Before editing: check opcode width in instr/type.go; preserve threaded/JIT
parity; keep threaded fallback correct; read profile.md for ticks and
thresholds; read value-representation.md for boxing/unboxing; read
memory-model.md for refs and heap objects.
After editing: add or update tests in asm/assembler_test.go for callable ABI
changes and interp/interp_test.go for trace recording, native lowering, and
wiring changes; run go test ./asm/... ./interp/....
program.Program
-> threadedCompiler -> []func(*Interpreter) always, portable fallback
-> Tracer -> trace tree snapshots lazy runtime front-end
-> compiler -> *module lazy ARM64 trace backend
The threaded compiler and native backend read the same bytecode. i.code[addr][ip]
is the primary dispatch table. A hot JIT attempt first records a runtime trace
from the current interpreter state, then the ARM64 backend publishes a native
callable for each usable root: the module or function entry (ip == 0) and any
hot loop header (ip > 0). A function entry callable installs at
i.code[addr][0] and tears the frame down on return; the top-level module entry
installs at i.code[0][0], preserves its frame, and completes by advancing to
the end of the program code. A loop callable installs at i.code[addr][header]
and re-enters the live frame without unwinding it. Rejected traces emit nothing
and threaded dispatch remains installed.
Solo interpreters compile into a private compiler and private asm.Buffer.

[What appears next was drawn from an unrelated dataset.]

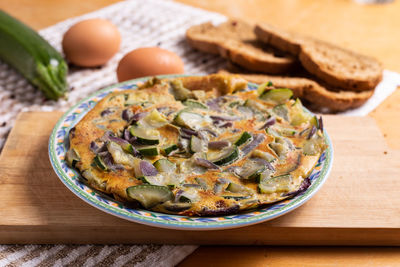 Zucchini and red onion omelette. high angle view of omelette on table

Pool interpreters use a shared Cache: trigger counts live in atomics, the
winning member compiles with a throwaway compiler, and published modules share
immutable asm.Callables. Each interpreter still binds those callables into its
own threaded closure table at a safepoint.
compiler is private to interp and lives in jit.go. Compile(i, addr, fn)
is trace-only and emits every usable root anchored at addr (emitRoot per
anchor):
- find the
Tracertrace tree for each(addr, ip)anchor — module/function entry plus loop headers — skipping aborted roots, side-exit branches, and entry-anchored loops - build a
loweringwith typed symbolic operands, frames, constants, globals, heap view, and scratch registers (loopset for loop roots) - ask the architecture
lowererto emit the trace - link one callable into
module.entries[anchor], recordingmodule.loops[anchor]soinstallchooses the entry vs loop wrapper
There is no static method pipeline, block planner, segment selection, or boxed-shadow fallback lowerer. Runtime deoptimization still exists: guards materialize VM state into the journal, return to the Go wrapper, and resume the threaded interpreter at the reported fallback IP.
Trace recording and profile aggregation live in interp/trace.go; trace
compilation state lives in interp/jit.go. Recording clones the current
interpreter, points the clone at the requested (addr, ip) anchor, and executes
threaded closures until it reaches a return, loop, branch exit, unsupported
step, or trace limit. The live interpreter state is not mutated during
recording.
Each recorded instruction stores:
- opcode, function, IP, and inline depth
- observed call target box and callee address
- explicit branch target and branch-taken metadata
- selected observed heap values for guarded read-only heap fast paths
The Tracer aborts before host calls, allocation, and mutating heap operations.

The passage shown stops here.